= EXERCISE INSTRUCTIONS =
Quote the lines from the line holding "晴明神社是靖国神社吗(日本靖" to the very end of the listing, exactly, and no others.
==============================
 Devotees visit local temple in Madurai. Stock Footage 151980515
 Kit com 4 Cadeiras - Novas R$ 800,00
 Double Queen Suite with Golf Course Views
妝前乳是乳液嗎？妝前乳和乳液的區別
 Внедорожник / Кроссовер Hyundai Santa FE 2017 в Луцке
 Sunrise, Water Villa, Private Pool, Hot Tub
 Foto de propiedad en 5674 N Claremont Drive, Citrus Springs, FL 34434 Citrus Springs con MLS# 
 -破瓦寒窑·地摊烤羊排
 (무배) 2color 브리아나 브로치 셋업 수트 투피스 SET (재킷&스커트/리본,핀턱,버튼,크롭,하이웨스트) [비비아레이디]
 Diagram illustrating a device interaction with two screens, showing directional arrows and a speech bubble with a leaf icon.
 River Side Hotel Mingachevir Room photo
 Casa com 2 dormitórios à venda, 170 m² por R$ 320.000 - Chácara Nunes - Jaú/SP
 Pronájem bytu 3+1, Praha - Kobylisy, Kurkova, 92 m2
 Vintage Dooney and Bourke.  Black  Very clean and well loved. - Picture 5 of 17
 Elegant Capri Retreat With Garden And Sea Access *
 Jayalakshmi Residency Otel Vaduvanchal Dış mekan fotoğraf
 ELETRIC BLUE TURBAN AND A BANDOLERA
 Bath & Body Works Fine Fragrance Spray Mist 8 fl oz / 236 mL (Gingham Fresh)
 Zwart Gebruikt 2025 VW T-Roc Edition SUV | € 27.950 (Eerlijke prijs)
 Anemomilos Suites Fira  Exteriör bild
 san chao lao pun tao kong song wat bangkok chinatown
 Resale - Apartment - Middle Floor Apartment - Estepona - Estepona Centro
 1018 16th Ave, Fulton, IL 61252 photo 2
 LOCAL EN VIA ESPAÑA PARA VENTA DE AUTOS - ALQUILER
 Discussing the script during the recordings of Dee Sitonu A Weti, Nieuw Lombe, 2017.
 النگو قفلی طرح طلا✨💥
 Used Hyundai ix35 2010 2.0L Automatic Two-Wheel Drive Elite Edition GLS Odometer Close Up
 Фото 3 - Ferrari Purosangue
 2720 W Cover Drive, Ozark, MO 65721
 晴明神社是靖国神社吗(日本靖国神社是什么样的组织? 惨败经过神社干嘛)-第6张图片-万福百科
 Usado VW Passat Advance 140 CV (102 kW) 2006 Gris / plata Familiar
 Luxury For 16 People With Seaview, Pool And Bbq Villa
==============================
= SOLUTION FOR THIS PROBLEM =
 晴明神社是靖国神社吗(日本靖国神社是什么样的组织? 惨败经过神社干嘛)-第6张图片-万福百科
 Usado VW Passat Advance 140 CV (102 kW) 2006 Gris / plata Familiar
 Luxury For 16 People With Seaview, Pool And Bbq Villa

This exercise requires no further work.